Caroline mascaraed her long lashes, replenished her scarlet lipstick, patted more color into her cheeks. She made Spraggue long for the uncompromising face of Karen Snow, not beautiful, but real. He much preferred the intelligence in Karen’s eyes to the fake docility in Caroline’s.
Spraggue rapped at the open door. Caroline was still engrossed in her reflection.

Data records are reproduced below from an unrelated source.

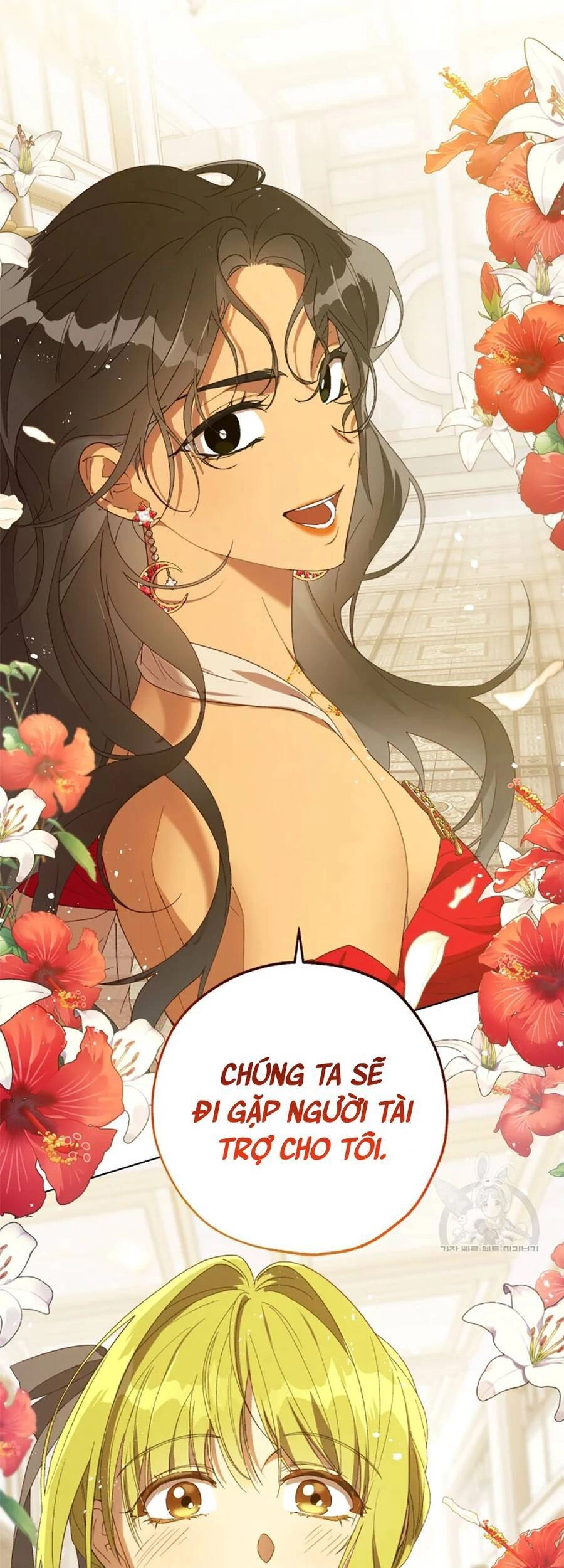 Công Chúa Khắc Dấu Lên Kẻ Phản Nghịch Chapter 54 - 68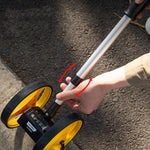 Measuring Wheel - Asters Maldives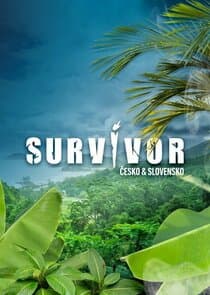 Survivor - Czech Republic and Slovakia thumbnail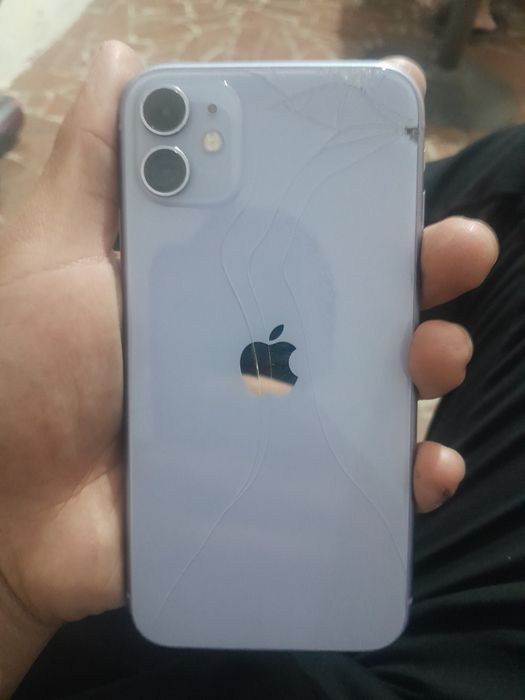 Iphon 11 64 talik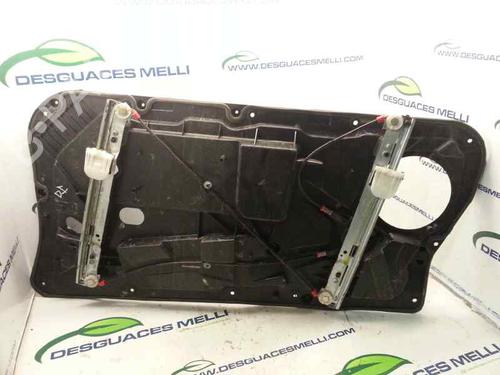 Used Front left window mechanism FORD FIESTA VI (CB1, CCN) 1.6 TDCi (90 hp) 2878400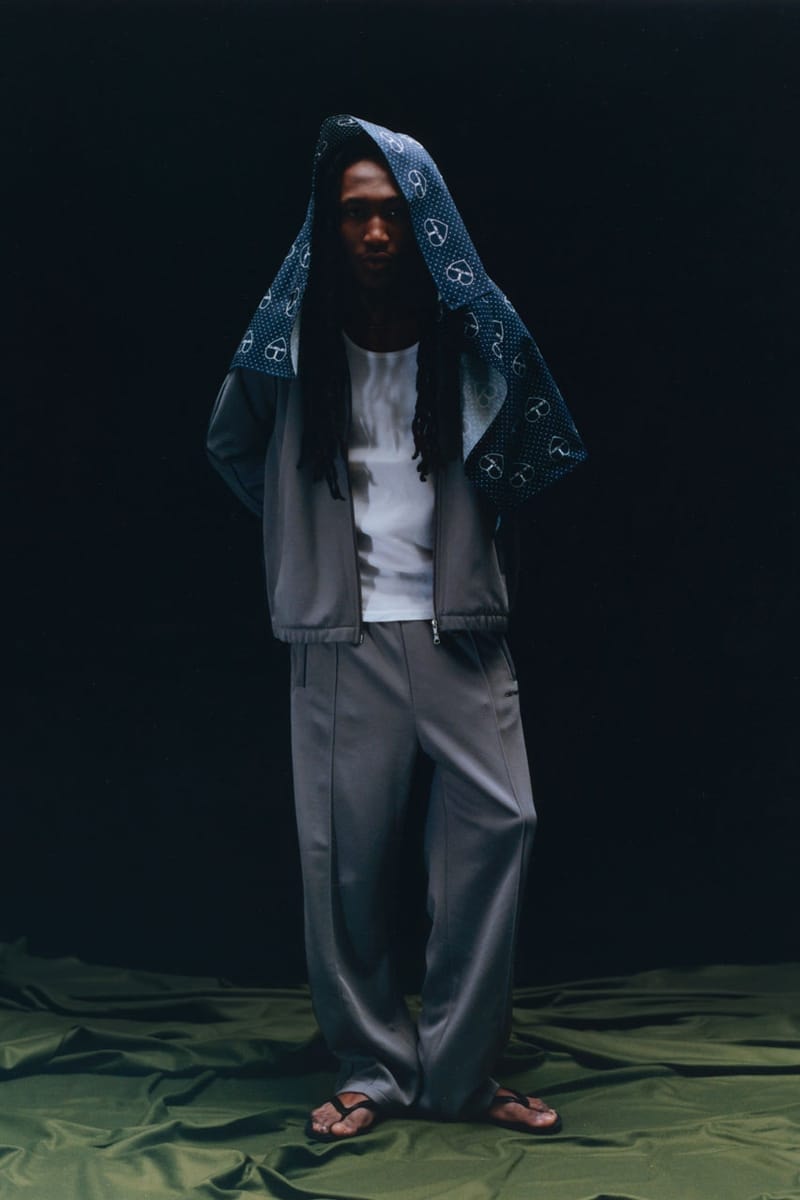 カーハートWIP 2025春夏コレクション Carhartt WIP SS25 Is "Anchored in the Archives" spring summer 2025 collection lookbook drop release info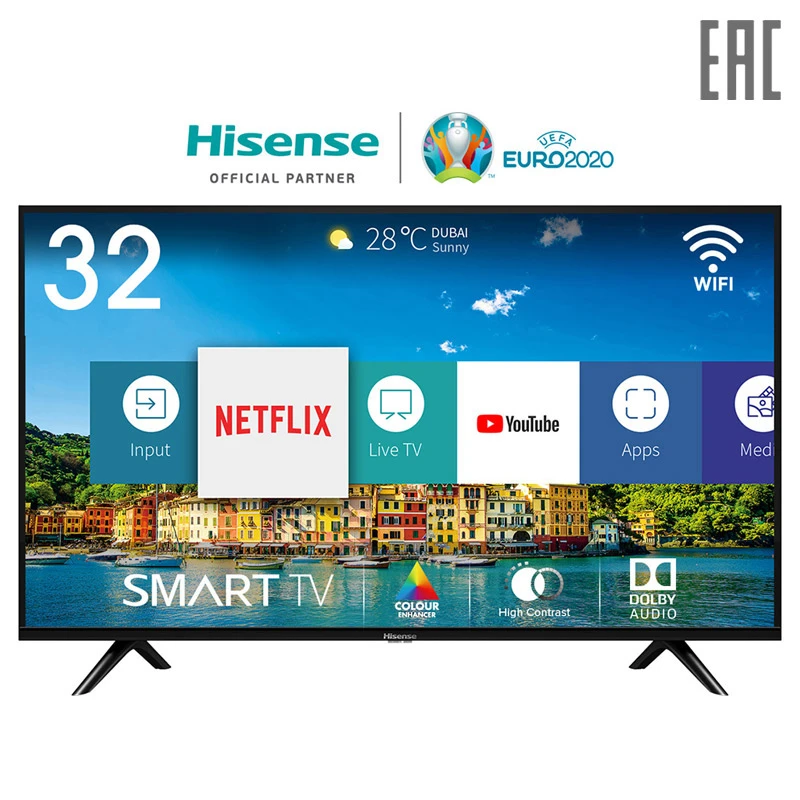 テレビhisense社 32 32e5600ee Hdスマートテレビvidda 2 5 スマートテレビ 32 インチ 3239inchtv Aliexpress Consumer Electronics テレビhisense社 32 32e5600ee Hdスマートテレビvidda 2 5 スマートテレビ 32 インチ 3239inchtv Aliexpress Consumer Electronics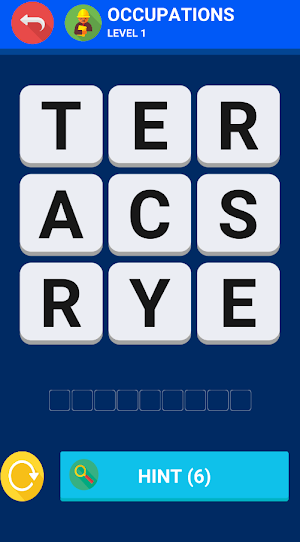 Word Box Imad Screenshot 0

She turned, offered him a three-quarter profile and a madonna smile. It was one of her best. She w
as often photographed that way.
“May I come in, Miss Ambrose?” Spraggue said with what he hoped was the right touch of deference for a request from a second lead to a star.
Her triangular smile widened speculatively. She patted a place on the bench close beside her and beamed as he sat down.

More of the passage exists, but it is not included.